=== Section Start ===

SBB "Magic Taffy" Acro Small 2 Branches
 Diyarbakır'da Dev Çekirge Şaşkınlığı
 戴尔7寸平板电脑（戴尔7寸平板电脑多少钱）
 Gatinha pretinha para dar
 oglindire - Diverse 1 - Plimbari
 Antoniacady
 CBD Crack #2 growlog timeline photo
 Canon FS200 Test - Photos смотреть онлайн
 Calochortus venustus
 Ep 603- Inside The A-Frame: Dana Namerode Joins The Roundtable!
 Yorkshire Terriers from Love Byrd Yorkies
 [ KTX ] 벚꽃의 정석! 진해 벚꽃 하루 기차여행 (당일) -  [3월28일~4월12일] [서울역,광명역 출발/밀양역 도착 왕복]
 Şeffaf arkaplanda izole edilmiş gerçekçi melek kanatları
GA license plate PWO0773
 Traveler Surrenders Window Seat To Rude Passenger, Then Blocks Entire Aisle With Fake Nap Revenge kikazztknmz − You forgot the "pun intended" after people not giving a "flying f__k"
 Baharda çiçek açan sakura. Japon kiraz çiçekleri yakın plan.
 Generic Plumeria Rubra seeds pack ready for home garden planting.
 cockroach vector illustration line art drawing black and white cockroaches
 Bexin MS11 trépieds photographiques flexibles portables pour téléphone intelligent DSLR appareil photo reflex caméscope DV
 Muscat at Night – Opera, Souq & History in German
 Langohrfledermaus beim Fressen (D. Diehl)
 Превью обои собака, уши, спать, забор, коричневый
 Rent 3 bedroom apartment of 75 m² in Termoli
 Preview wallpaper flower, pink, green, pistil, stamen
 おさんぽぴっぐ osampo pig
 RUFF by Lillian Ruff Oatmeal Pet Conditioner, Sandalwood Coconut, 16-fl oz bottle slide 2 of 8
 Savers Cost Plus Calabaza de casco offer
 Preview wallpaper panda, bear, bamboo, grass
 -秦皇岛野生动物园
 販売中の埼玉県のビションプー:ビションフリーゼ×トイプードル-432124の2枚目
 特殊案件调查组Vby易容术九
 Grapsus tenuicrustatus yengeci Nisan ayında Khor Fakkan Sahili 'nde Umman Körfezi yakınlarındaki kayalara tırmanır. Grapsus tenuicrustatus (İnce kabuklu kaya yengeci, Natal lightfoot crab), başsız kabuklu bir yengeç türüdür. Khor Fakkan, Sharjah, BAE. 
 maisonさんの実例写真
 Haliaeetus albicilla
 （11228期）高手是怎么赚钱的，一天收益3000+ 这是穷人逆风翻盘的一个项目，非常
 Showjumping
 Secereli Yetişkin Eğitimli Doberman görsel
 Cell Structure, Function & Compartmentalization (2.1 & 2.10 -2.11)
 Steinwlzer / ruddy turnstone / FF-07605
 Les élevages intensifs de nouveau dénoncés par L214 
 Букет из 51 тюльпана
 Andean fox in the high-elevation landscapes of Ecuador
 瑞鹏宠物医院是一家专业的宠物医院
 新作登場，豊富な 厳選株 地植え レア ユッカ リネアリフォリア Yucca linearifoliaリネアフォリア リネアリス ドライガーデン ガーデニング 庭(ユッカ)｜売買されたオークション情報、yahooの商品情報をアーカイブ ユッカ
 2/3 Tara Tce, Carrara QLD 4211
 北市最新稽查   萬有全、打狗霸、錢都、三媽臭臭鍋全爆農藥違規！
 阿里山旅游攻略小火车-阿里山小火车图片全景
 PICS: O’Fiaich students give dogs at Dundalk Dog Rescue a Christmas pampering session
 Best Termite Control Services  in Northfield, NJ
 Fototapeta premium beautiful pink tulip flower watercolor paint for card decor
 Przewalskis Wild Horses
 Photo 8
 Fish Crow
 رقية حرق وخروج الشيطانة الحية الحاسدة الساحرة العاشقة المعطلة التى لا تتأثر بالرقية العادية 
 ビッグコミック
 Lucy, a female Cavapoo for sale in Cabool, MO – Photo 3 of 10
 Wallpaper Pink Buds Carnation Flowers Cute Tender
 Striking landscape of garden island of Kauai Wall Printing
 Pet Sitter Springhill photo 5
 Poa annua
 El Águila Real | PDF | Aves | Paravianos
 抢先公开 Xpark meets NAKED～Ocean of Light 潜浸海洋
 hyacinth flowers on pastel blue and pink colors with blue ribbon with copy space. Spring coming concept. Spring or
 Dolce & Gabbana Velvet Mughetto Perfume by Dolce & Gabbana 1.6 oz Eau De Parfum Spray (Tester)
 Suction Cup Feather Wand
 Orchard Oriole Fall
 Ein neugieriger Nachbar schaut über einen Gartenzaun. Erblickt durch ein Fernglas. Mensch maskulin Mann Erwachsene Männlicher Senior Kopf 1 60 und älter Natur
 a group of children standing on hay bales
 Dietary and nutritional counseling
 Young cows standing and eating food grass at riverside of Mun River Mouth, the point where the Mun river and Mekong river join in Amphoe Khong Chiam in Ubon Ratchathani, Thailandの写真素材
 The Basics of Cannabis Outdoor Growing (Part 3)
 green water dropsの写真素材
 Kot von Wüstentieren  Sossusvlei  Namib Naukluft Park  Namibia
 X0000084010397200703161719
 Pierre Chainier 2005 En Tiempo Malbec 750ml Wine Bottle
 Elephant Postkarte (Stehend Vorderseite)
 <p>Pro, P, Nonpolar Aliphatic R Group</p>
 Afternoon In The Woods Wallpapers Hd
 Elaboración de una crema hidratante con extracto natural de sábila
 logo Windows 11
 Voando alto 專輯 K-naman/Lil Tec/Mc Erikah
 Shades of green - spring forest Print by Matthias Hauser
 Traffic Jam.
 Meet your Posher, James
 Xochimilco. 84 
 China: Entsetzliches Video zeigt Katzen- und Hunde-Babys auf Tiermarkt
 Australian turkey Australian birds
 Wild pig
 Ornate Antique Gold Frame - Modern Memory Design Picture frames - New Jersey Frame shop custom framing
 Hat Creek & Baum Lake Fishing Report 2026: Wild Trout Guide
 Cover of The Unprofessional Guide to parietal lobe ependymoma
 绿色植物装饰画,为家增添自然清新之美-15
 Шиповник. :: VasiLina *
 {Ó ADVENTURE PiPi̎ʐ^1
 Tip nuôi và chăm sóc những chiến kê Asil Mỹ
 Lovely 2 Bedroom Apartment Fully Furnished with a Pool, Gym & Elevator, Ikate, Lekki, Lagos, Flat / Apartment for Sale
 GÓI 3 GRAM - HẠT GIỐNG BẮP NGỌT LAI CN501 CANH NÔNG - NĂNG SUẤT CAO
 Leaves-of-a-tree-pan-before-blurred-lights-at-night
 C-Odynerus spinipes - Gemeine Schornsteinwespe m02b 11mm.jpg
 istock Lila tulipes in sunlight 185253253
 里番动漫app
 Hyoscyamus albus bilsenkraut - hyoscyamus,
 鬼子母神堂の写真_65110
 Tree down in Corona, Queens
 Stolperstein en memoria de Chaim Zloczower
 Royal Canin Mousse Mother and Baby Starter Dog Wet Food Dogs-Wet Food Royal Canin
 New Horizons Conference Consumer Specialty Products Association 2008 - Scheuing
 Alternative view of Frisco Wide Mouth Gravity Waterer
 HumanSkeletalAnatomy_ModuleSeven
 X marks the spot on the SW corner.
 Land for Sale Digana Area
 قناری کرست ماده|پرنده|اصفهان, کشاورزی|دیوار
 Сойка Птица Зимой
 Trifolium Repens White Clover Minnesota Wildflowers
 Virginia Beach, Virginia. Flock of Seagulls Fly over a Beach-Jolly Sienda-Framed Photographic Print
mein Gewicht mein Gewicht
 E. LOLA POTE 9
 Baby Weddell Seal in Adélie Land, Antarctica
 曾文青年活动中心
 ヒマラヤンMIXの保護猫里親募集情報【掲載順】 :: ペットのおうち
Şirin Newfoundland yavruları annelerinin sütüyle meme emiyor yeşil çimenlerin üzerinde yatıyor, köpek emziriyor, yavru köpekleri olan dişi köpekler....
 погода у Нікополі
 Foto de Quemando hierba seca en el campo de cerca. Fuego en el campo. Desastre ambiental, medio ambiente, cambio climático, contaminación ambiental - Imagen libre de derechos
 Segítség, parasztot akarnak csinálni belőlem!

=== Section End ===

## Exercise details
The word is "Preview". Copy every line above where it appears.

## Output below
 Preview wallpaper flower, pink, green, pistil, stamen
 Preview wallpaper panda, bear, bamboo, grass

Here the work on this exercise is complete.